The new generation's homework is more creative, invisible and intangible. For example, my son was asked to complete a four-step task during the Chinese Lunar New Year, with each containing elements of discovery, innovation, practice and cooperation, respectively.

One of the parents in the WeChat group posted a screenshot of an online quiz result showing his son's knowledge and awareness of safety issues, reminding me that I had overlooked some homework.

But, my attempt to fulfill the task turned out to be an uneasy experience. First, I needed to download the app, followed by real-name registration, before being able to answer the questions and submit the quiz results.

What drives me nuts are the frequent assignments to download something and register with personal information, including the parent's name, as well as the child's name, age, school and class.
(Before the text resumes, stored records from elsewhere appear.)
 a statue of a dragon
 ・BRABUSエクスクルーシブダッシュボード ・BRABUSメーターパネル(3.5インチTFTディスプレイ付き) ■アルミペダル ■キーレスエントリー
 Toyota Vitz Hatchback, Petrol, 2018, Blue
The forgotten homework was called Ping'an Xiaoyuan, meaning safe school, however, it gave me little sense of security as too much personal data were required during registration.
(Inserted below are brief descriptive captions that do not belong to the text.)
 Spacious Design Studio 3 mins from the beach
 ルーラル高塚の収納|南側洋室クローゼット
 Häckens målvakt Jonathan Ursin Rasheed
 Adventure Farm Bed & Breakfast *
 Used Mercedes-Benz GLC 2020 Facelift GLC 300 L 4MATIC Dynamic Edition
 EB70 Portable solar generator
Not long ago, all parents were asked to download another app called Shisheng Jiaoxiao, meaning teacher-student-home-school network developed by Alibaba Group Holding Ltd, which also required real-name registration. Both my husband and I followed the order as other parents do, because it was said to be a smart home-school communication platform.

Each student's school attendance record, nutrition information and physical growth data are all meant to be included in the app. Two months have passed, but we still only use WeChat to conduct parent-teacher communications. The others are zombie apps.

Personally, I welcome and am willing to embrace the new world of big data, which sometimes makes my work and life easier.

But I feel uncomfortable seeing someone grabbing data ungracefully and reaching out to the most innocent and vulnerable group, such as students.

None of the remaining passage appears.